From the records below, output exactly the lines running from the line containing "FOZZIE BEAR - Domestic" through the line containing "Photo 1/4 Found cat Found in Macquigny", and no others.

*** Opening of Task input ***

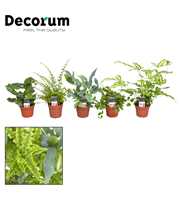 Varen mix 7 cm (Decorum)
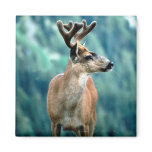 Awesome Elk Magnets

*** Close of Task input ***
*** Opening of Task input ***

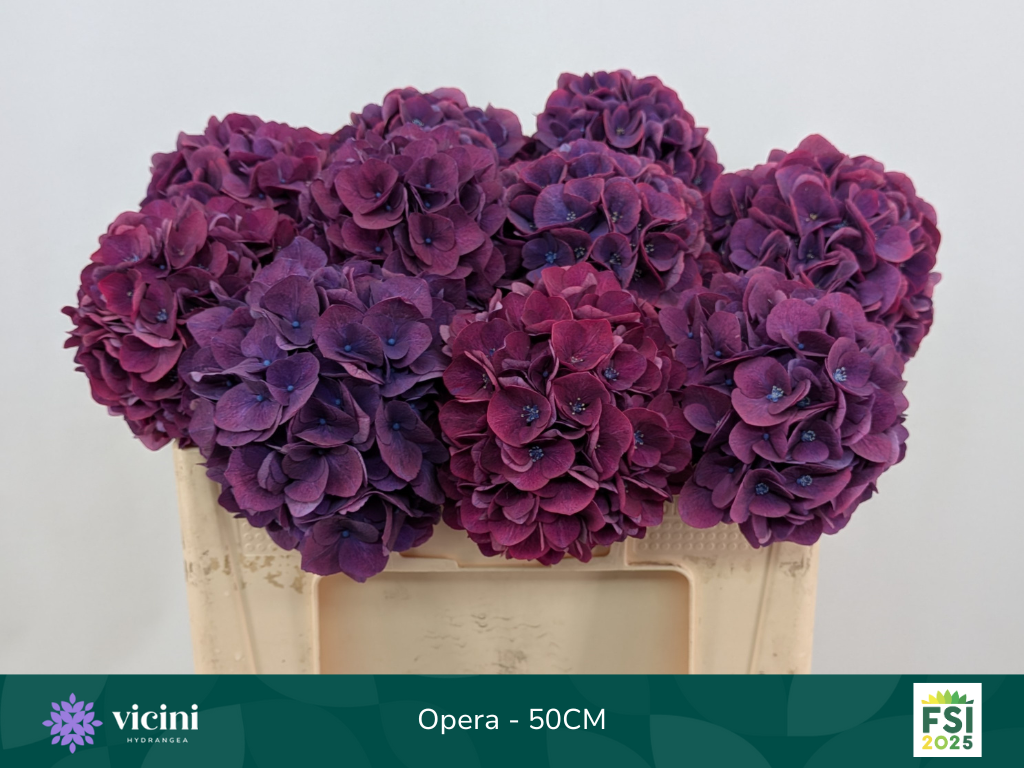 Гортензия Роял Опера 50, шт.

*** Close of Task input ***
*** Opening of Task input ***

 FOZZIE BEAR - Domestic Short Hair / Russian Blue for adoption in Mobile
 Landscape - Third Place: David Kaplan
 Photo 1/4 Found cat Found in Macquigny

*** Close of Task input ***

Answer space →
 FOZZIE BEAR - Domestic Short Hair / Russian Blue for adoption in Mobile
 Landscape - Third Place: David Kaplan
 Photo 1/4 Found cat Found in Macquigny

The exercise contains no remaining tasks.